Dataset records
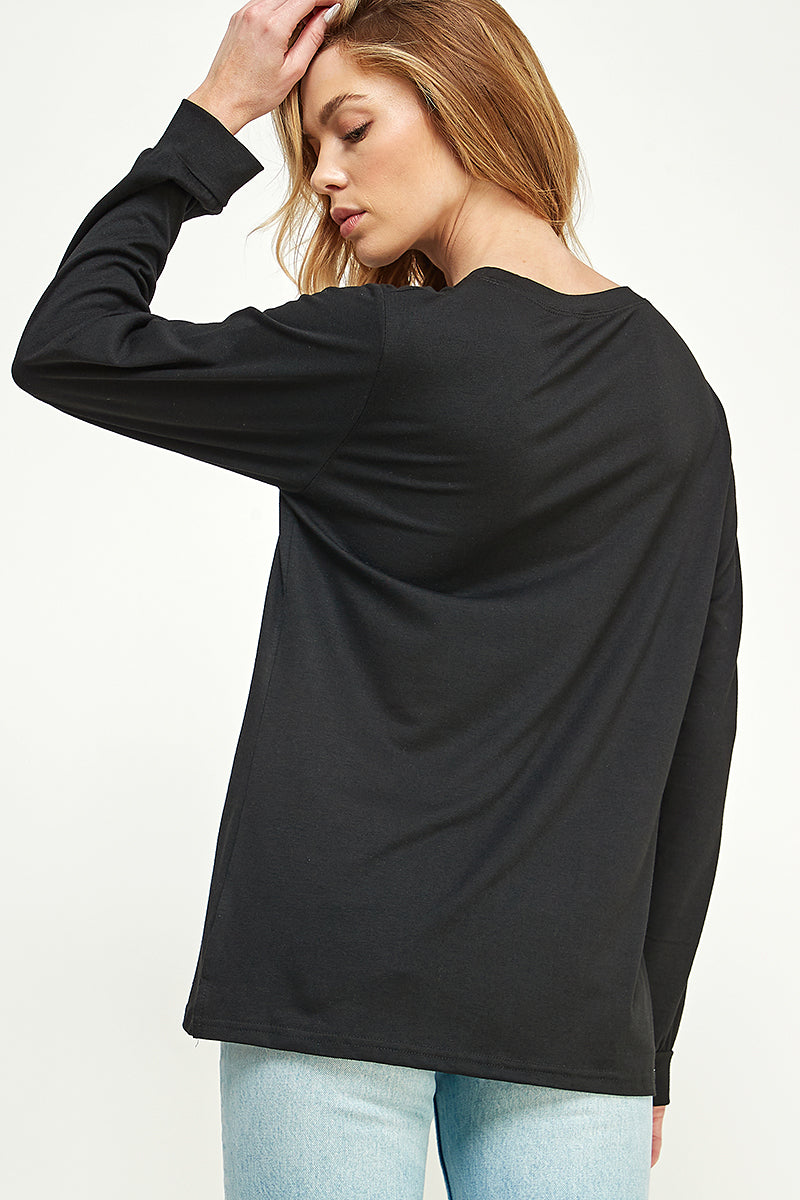 ST0189 Long Sleeve Round Neck with Pocket Side Tops | Burzip Inc #ST0189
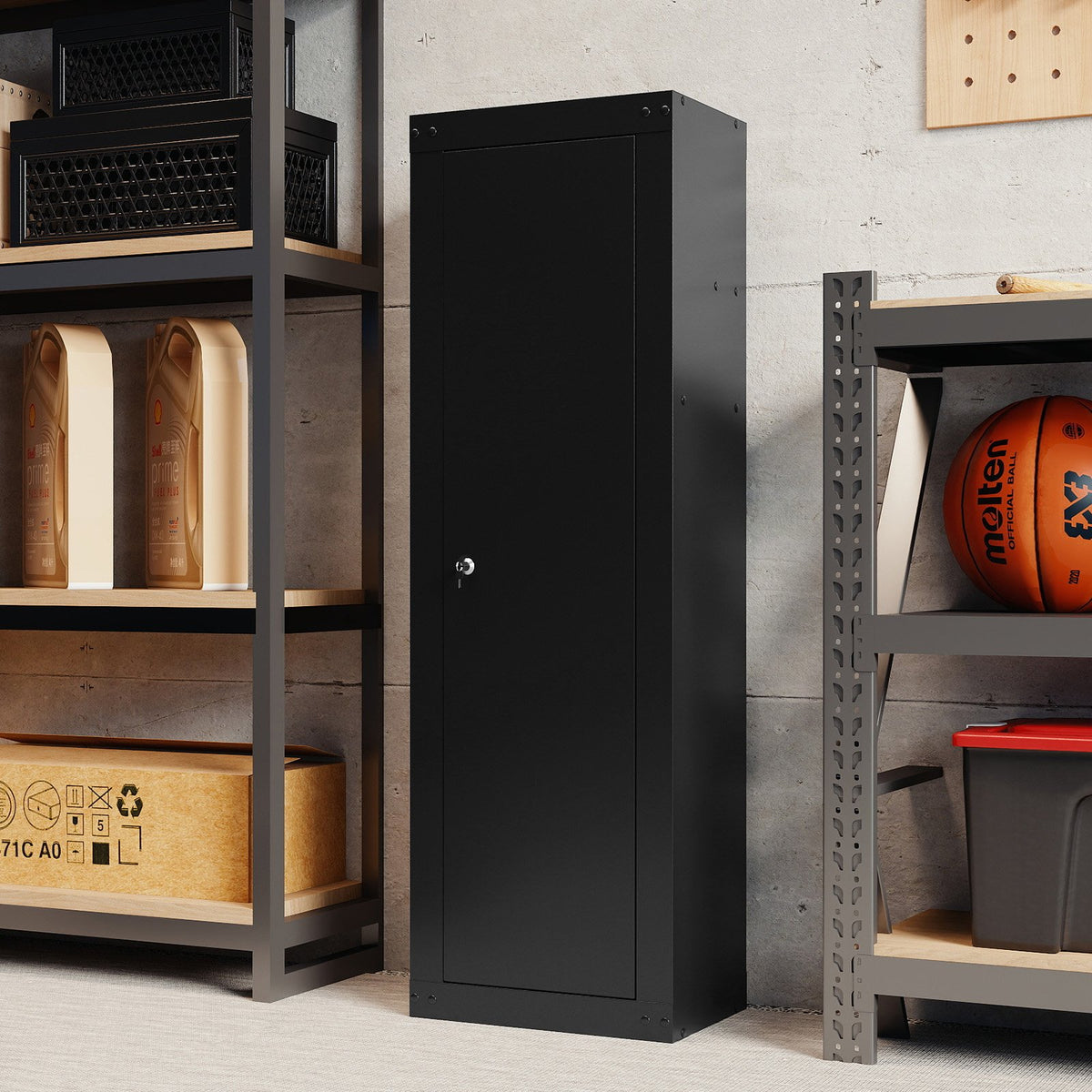 8 Rifle Safe Large Gun Cabinet with Storage Shelf-Black view 2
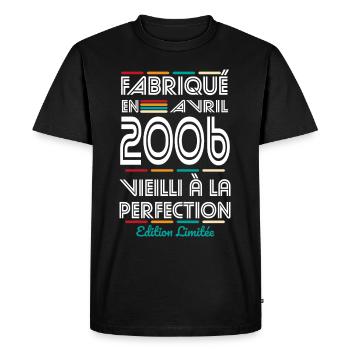 18th Anniversary - Made in April 2006 - Men's Premium Organic T-Shirt - black - Front - Nico (187cm)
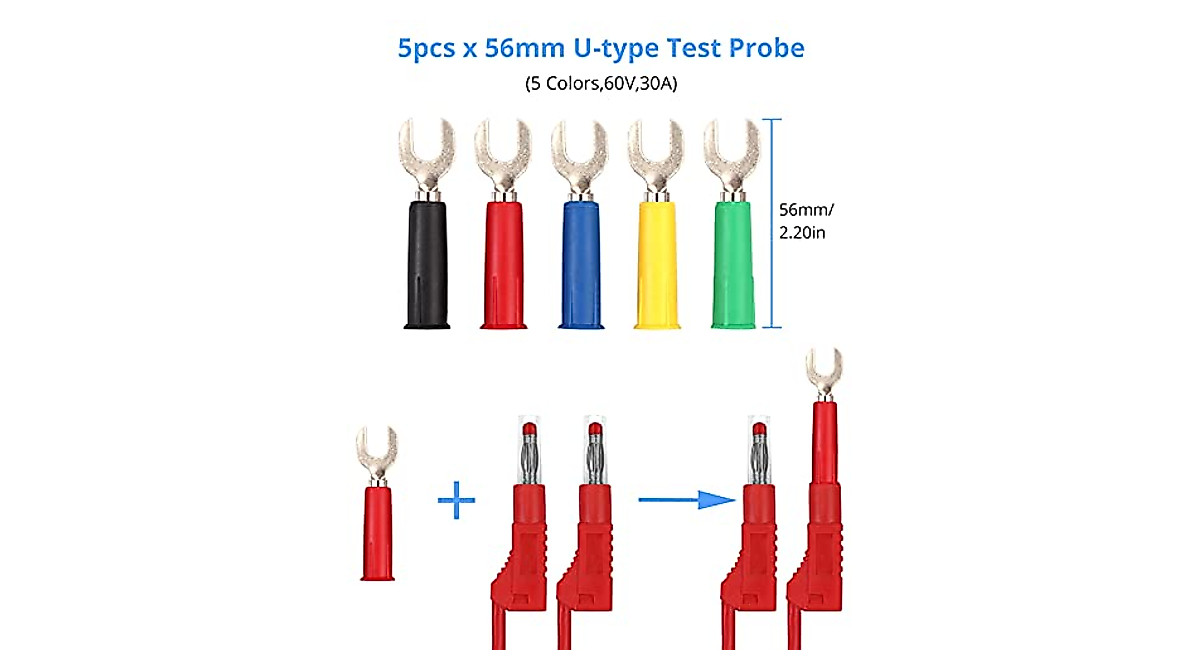 Camway Insulated Banana Plug Test Leads Kit for Multimeter Safety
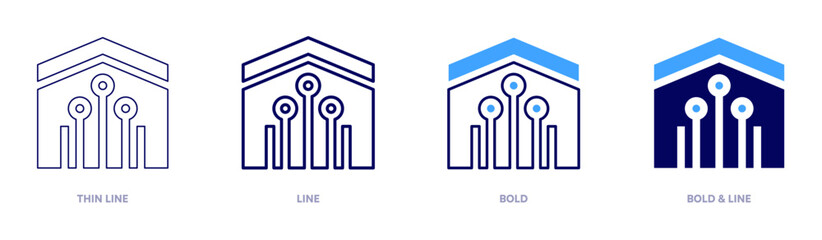 Domotic energy icon in 4 different styles. Thin Line, Line, Bold, and Bold Line. Duotone style. Editable stroke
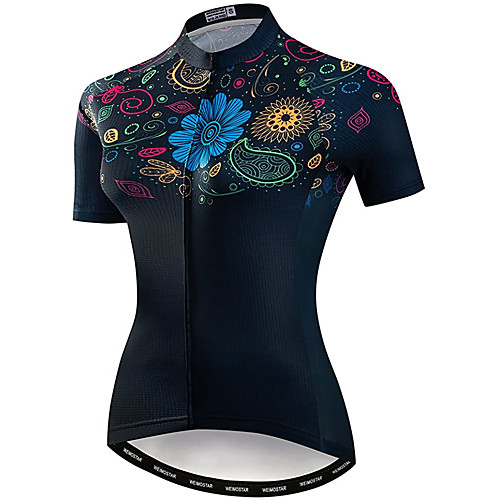 

21Grams Women's Short Sleeve Cycling Jersey Summer Spandex Polyester Dark Blue Floral Botanical Bike Jersey Top Mountain Bike MTB Road Bike Cycling Quick Dry Moisture Wicking Breathable Sports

DESCRIPTION OF THE TASK> Set down every line above exactly, pictures excluded.

WORKED SOLUTION>
 ST0189 Long Sleeve Round Neck with Pocket Side Tops | Burzip Inc #ST0189
 8 Rifle Safe Large Gun Cabinet with Storage Shelf-Black view 2
 18th Anniversary - Made in April 2006 - Men's Premium Organic T-Shirt - black - Front - Nico (187cm)
 Camway Insulated Banana Plug Test Leads Kit for Multimeter Safety
 Domotic energy icon in 4 different styles. Thin Line, Line, Bold, and Bold Line. Duotone style. Editable stroke

21Grams Women's Short Sleeve Cycling Jersey Summer Spandex Polyester Dark Blue Floral Botanical Bike Jersey Top Mountain Bike MTB Road Bike Cycling Quick Dry Moisture Wicking Breathable Sports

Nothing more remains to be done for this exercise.